[Opening DATA FOR REVIEW section]
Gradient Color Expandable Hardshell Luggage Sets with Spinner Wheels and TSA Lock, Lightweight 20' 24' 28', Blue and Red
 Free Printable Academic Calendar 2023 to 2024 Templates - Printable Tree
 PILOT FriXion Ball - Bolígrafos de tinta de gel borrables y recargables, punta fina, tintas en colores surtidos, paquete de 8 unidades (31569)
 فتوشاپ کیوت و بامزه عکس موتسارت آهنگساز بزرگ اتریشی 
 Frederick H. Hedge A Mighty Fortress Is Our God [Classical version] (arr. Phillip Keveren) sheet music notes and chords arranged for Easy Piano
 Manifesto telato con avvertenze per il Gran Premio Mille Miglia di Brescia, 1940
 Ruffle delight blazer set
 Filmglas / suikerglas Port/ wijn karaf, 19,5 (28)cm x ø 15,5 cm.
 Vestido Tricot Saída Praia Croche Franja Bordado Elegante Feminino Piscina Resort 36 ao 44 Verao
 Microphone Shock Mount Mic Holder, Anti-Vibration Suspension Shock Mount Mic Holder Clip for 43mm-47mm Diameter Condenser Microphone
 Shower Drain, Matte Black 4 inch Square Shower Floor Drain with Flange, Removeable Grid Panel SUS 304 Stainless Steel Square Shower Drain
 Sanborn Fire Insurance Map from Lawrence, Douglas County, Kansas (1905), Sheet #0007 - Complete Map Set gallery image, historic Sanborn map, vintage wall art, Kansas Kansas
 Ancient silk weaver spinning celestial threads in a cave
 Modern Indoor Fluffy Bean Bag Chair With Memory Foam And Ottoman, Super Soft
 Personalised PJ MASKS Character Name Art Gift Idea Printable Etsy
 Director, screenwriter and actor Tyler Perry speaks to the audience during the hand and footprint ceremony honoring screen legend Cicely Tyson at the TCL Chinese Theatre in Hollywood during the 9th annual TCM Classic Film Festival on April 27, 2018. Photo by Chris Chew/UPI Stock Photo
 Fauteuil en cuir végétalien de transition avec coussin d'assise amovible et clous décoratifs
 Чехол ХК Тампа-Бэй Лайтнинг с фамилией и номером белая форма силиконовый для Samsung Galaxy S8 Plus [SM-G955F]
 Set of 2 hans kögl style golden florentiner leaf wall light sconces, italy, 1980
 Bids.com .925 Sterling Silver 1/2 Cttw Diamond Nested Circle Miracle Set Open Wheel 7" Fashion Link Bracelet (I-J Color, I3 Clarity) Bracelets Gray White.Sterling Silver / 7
[Closing DATA FOR REVIEW section]
■ WORK INSTRUCTIONS: In the records above, find each line with the word "Printable" and copy it out.

■ YOUR SOLUTION:
 Free Printable Academic Calendar 2023 to 2024 Templates - Printable Tree
 Personalised PJ MASKS Character Name Art Gift Idea Printable Etsy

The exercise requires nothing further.